-- Opening Marker --
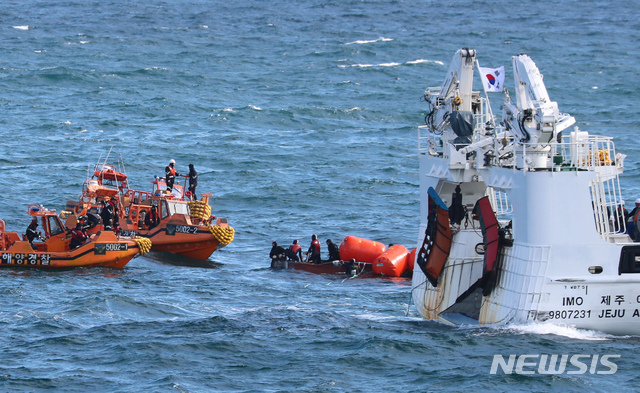 [제주=뉴시스]우장호 기자 = 제주 해상에서 어선 화재 사고로 11명이 실종된 가운데 21일 제주 해경이 제주 차귀도 인근 해상에서 떠 있는 통영선적 연승어선 대성호(29t) 선미 인양 준비 작업을 하고 있다. (사진=제주지방해양경찰청 제공) 2019.11.21. woo1223@newsis.com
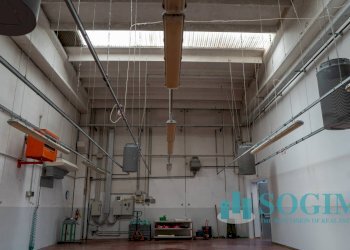 Foto 10 - Capannone Via caduti oltronesi
 
1, Oltrona di San Mamette - foto 10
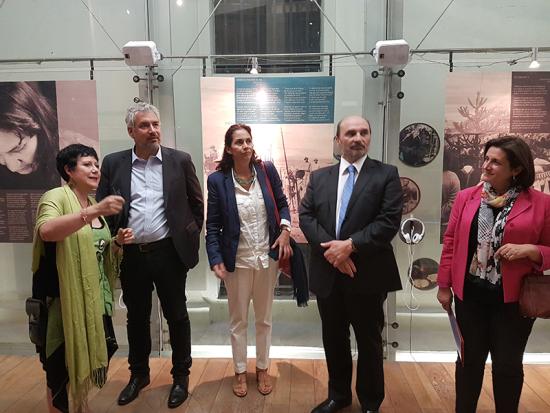 Autoridades inauguran la exposición.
-- Closing Marker --
Work item:
Return the complete data unchanged and include none of the pictures.

Written solution:
 [제주=뉴시스]우장호 기자 = 제주 해상에서 어선 화재 사고로 11명이 실종된 가운데 21일 제주 해경이 제주 차귀도 인근 해상에서 떠 있는 통영선적 연승어선 대성호(29t) 선미 인양 준비 작업을 하고 있다. (사진=제주지방해양경찰청 제공) 2019.11.21. woo1223@newsis.com
 Foto 10 - Capannone Via caduti oltronesi
 
1, Oltrona di San Mamette - foto 10
 Autoridades inauguran la exposición.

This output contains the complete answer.